Under the agency's regulations, created decades ago at the height of the AIDS epidemic, gay men are not permitted to donate blood and certain types of human tissue, which potentially could carry HIV and are therefore considered too risky for the donor recipient. Under the FDA's guidelines, donations by men who have had sex with men anytime since 1977 -- when the AIDS epidemic began -- aren't accepted.
Moore received a letter that informed her of what became of her son's organs. Though his kidneys, liver, heart and lungs all had recipients, his eyes could not be used, the letter said.
"My initial feeling was just very angry because I couldn't understand why my 16-year-old son's eyes couldn't be donated just because he was gay," Moore told Des Moines CBS affiliate KCCI.

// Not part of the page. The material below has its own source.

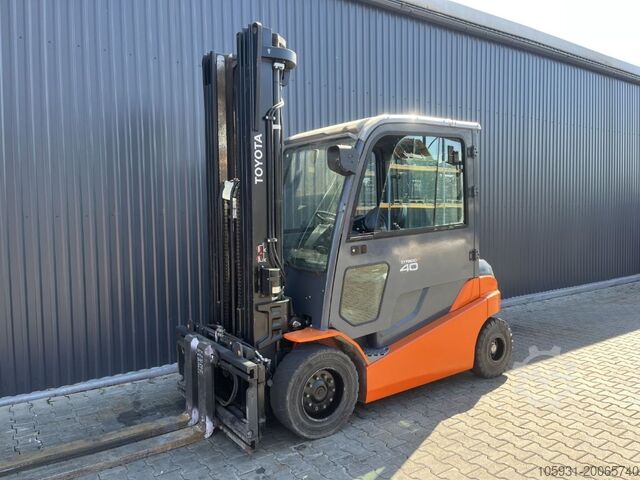 Electric 4-wheel forklift Toyota 8FBMT40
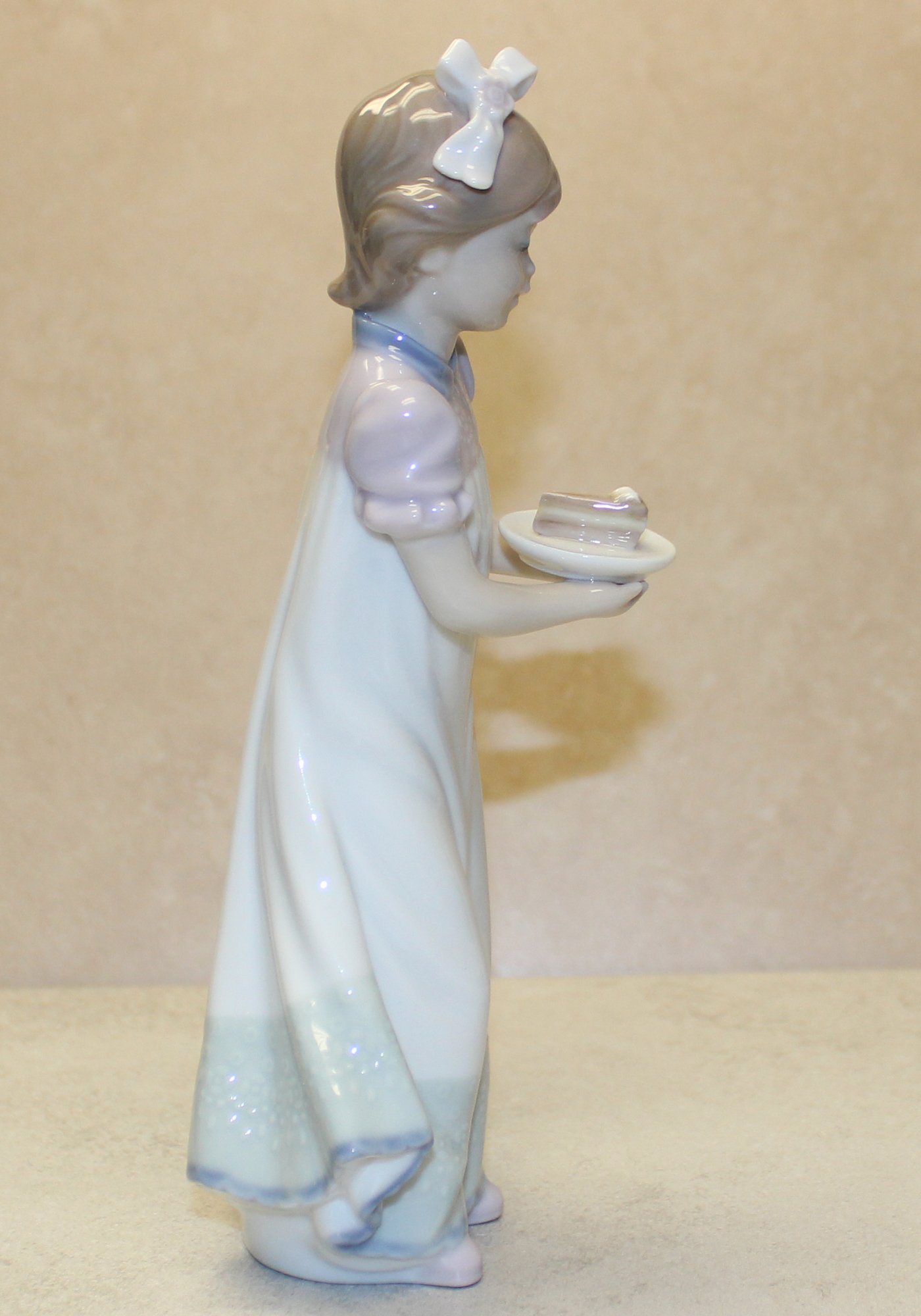 Lladro #5429 Happy Birthday Figurine - Exquisite Porcelain Collectible for Birthdays, Anniversaries & Special Occasions | Perfect Gift for Loved Ones & Home Decor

"This is archaic, and it is just silly that people wouldn't get the life-saving assistance they need because of regulations that are 30 years old," she said.
In recent years, the gay activist community and many medical authorities have called for changes to the law, which they say is not scientifically based, and discriminatory since heterosexuals who have had sex with an HIV-positive person and also commercial sex workers need only to wait a year to donate. Additionally, organizations such as the Red Cross say the guidelines block access to potentially life-saving medical resources.
Today's technology allows for detection of HIV in blood as soon as a few weeks after exposure. Therefore experts say that changing the lifetime ban to six months or a year would still be prudent. The U.S. Department of Health and Human Services currently is reviewing prior studies on the rates of transfusion-transmitted infections as well as new options for screening gay men which may help support changes to the policy.